Short text fragments from websites

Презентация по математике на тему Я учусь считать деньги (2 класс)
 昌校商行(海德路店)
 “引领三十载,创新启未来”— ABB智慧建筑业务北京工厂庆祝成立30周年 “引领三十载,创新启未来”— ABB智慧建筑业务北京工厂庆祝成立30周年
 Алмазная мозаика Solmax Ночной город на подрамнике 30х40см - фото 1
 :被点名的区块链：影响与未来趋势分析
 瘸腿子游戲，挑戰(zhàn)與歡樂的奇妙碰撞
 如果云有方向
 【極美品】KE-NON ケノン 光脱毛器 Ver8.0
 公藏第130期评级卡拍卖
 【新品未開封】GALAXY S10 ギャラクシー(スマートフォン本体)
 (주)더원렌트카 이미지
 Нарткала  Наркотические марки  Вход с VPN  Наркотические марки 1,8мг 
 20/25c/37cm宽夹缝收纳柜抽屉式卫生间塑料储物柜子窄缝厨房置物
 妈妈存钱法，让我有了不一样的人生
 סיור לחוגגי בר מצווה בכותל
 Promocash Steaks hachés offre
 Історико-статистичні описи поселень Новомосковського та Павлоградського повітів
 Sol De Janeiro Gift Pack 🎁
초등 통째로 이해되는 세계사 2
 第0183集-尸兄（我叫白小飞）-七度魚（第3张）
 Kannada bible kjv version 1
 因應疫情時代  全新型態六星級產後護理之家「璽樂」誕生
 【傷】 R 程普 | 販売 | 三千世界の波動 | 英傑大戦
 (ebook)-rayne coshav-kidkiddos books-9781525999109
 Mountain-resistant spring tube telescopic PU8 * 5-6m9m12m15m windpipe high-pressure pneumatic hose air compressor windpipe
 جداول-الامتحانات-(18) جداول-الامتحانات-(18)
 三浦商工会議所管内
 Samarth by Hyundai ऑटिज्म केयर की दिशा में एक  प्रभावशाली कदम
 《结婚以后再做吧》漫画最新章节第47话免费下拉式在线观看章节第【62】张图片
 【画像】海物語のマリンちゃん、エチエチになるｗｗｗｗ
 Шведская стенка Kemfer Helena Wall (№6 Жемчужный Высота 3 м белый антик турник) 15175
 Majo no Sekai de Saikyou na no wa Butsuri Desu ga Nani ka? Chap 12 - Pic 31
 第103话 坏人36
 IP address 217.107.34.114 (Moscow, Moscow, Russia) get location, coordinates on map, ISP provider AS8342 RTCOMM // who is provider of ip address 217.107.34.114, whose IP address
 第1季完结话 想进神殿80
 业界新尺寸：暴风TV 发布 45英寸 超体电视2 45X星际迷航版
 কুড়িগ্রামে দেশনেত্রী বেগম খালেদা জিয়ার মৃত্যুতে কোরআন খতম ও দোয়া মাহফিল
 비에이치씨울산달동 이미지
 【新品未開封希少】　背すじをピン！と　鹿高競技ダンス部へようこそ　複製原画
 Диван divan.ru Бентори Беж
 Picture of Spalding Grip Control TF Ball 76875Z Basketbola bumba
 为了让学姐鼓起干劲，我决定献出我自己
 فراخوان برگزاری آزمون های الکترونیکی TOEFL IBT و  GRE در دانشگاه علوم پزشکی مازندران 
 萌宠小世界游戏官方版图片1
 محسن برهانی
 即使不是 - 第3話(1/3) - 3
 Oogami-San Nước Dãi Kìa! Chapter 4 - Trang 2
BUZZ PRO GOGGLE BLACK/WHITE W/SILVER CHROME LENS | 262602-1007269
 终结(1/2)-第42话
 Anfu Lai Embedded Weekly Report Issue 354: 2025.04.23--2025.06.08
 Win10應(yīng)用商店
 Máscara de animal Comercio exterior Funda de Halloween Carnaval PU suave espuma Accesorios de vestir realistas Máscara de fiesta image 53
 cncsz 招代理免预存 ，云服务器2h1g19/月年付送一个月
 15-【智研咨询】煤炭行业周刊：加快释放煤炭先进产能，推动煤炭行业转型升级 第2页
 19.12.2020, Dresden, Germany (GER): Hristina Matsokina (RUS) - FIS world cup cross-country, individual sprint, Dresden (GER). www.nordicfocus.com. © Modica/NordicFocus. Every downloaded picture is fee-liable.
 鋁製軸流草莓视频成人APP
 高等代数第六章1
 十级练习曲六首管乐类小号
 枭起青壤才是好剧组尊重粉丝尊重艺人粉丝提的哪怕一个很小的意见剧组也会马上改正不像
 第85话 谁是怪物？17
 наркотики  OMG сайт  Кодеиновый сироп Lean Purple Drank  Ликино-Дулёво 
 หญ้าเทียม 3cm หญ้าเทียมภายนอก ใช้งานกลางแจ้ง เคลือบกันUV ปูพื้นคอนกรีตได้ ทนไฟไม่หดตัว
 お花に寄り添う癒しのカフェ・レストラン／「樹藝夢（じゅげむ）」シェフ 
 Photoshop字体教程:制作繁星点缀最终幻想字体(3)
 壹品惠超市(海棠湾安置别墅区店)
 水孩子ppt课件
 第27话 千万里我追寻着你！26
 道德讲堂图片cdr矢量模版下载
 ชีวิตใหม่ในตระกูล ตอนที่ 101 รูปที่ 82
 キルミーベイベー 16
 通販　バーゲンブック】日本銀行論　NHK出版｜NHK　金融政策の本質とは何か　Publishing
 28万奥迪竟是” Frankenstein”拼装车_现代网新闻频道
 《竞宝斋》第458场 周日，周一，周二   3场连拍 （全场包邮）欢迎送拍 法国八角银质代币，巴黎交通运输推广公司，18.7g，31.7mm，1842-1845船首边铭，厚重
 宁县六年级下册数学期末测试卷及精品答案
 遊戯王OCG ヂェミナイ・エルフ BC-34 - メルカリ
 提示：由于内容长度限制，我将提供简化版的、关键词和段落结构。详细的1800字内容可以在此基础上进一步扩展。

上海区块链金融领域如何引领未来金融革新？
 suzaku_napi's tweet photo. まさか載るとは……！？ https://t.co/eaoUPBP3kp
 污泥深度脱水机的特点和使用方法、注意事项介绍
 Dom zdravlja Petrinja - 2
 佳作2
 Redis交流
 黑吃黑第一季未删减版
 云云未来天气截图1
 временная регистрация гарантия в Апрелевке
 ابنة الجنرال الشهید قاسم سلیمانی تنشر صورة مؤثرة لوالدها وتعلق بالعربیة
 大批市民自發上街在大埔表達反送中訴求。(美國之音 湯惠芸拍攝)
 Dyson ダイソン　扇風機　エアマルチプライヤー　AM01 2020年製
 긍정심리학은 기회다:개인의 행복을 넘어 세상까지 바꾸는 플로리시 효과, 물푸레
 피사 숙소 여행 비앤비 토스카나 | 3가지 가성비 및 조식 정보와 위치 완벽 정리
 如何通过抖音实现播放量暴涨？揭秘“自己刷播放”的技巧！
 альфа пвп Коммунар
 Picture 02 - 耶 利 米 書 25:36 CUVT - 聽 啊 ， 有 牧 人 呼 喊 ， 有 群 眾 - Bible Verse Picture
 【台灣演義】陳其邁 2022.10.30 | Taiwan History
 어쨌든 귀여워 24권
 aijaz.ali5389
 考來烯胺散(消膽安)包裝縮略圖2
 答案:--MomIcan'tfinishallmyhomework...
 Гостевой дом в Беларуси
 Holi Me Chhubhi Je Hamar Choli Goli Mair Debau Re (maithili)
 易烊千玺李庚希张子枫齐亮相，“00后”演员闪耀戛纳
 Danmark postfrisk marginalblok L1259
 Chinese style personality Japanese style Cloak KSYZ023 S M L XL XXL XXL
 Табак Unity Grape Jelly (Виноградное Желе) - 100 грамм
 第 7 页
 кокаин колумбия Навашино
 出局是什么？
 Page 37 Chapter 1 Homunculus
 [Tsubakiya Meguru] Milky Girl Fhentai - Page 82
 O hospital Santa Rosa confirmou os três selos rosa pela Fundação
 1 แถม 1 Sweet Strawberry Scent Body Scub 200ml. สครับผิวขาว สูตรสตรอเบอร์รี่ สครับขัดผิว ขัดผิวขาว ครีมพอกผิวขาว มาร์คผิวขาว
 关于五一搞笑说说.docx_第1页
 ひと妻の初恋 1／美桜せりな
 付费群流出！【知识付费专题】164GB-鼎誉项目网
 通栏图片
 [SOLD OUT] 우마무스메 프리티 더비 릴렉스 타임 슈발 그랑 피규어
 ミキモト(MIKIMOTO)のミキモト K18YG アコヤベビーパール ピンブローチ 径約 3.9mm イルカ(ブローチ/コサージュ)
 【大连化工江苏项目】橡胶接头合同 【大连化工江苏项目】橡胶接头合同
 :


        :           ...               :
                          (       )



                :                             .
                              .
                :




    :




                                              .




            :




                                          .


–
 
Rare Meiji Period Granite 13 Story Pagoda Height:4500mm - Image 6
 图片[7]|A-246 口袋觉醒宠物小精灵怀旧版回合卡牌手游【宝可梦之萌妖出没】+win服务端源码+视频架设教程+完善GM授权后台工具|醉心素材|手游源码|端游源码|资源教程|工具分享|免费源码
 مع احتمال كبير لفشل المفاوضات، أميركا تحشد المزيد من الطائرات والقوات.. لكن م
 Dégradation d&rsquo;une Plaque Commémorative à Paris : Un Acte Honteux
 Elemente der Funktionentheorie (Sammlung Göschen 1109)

* **Exercise directions**
Of the entries above, transcribe exactly those lines that fall between the line containing "终结(1/2)-第42话" and the line containing "お花に寄り添う癒しのカフェ・レストラン／「樹藝夢（じゅげむ）」シェフ", together with those two lines.

* **Result for this task**
 终结(1/2)-第42话
 Anfu Lai Embedded Weekly Report Issue 354: 2025.04.23--2025.06.08
 Win10應(yīng)用商店
 Máscara de animal Comercio exterior Funda de Halloween Carnaval PU suave espuma Accesorios de vestir realistas Máscara de fiesta image 53
 cncsz 招代理免预存 ，云服务器2h1g19/月年付送一个月
 15-【智研咨询】煤炭行业周刊：加快释放煤炭先进产能，推动煤炭行业转型升级 第2页
 19.12.2020, Dresden, Germany (GER): Hristina Matsokina (RUS) - FIS world cup cross-country, individual sprint, Dresden (GER). www.nordicfocus.com. © Modica/NordicFocus. Every downloaded picture is fee-liable.
 鋁製軸流草莓视频成人APP
 高等代数第六章1
 十级练习曲六首管乐类小号
 枭起青壤才是好剧组尊重粉丝尊重艺人粉丝提的哪怕一个很小的意见剧组也会马上改正不像
 第85话 谁是怪物？17
 наркотики  OMG сайт  Кодеиновый сироп Lean Purple Drank  Ликино-Дулёво 
 หญ้าเทียม 3cm หญ้าเทียมภายนอก ใช้งานกลางแจ้ง เคลือบกันUV ปูพื้นคอนกรีตได้ ทนไฟไม่หดตัว
 お花に寄り添う癒しのカフェ・レストラン／「樹藝夢（じゅげむ）」シェフ 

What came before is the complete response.